Action item:
Only one span of the material below is wanted. Output it exactly, from the line with "appartamento in vendita a Vigevano" through the line with "Picture of Young", without any pictures.

Material for the task:
------------------------------------------------

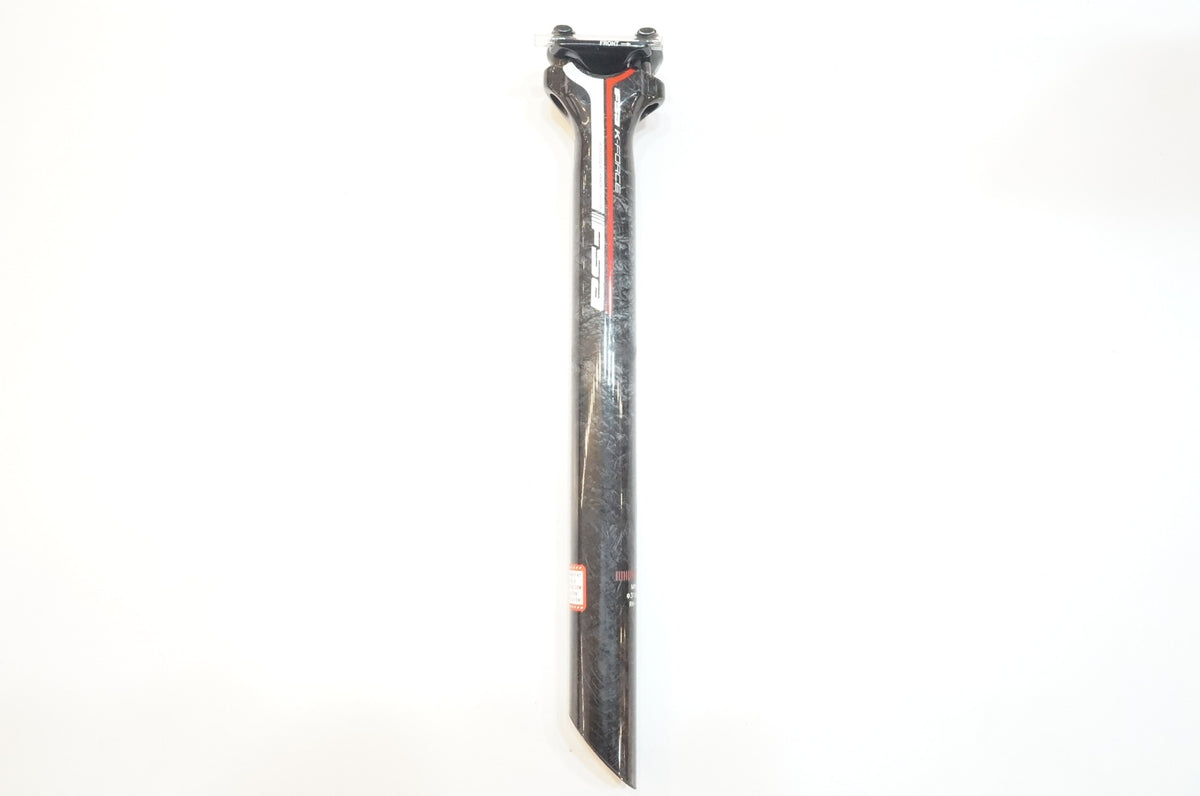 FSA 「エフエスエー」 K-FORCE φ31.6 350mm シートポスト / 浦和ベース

------------------------------------------------

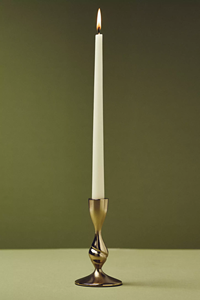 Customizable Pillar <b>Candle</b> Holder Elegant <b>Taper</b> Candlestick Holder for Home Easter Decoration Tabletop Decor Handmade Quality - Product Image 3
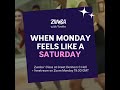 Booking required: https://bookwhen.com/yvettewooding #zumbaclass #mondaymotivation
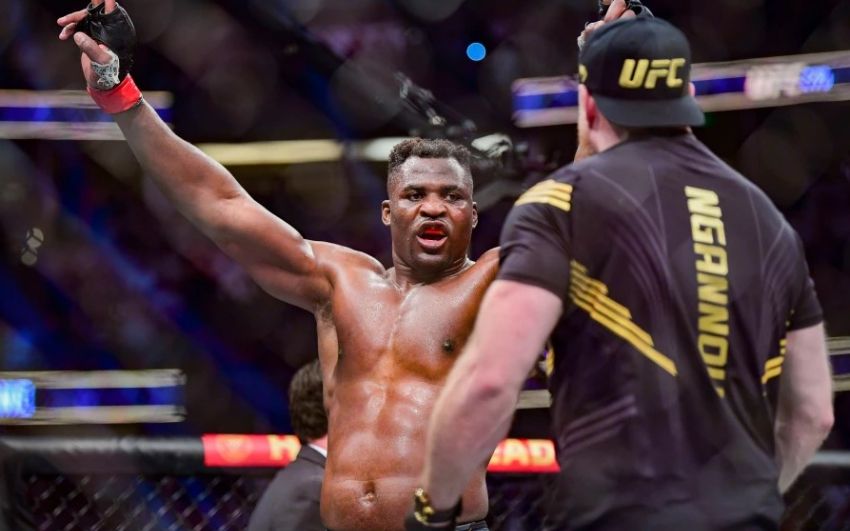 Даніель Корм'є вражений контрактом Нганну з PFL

------------------------------------------------

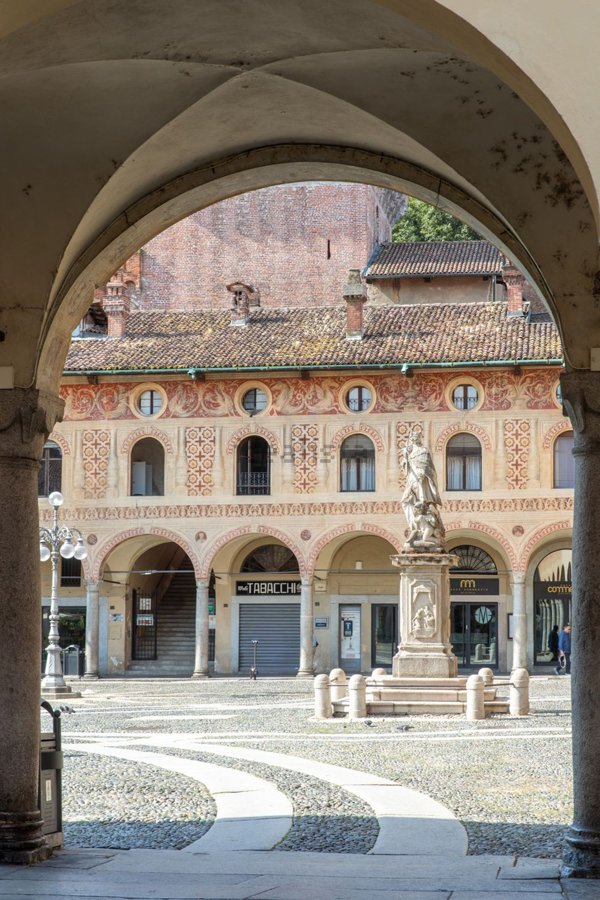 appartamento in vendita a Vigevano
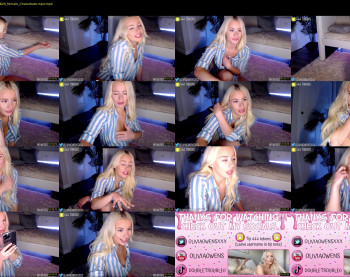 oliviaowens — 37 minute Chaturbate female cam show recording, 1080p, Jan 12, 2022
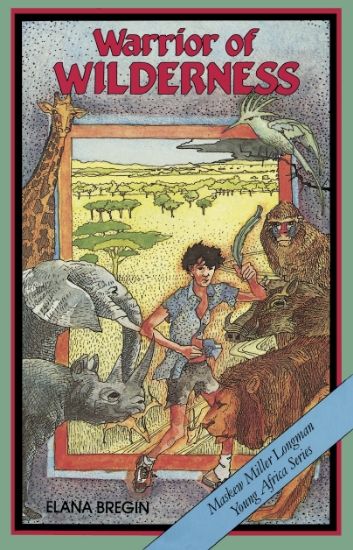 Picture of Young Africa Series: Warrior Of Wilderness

------------------------------------------------

Task solution:
 appartamento in vendita a Vigevano
 oliviaowens — 37 minute Chaturbate female cam show recording, 1080p, Jan 12, 2022
 Picture of Young Africa Series: Warrior Of Wilderness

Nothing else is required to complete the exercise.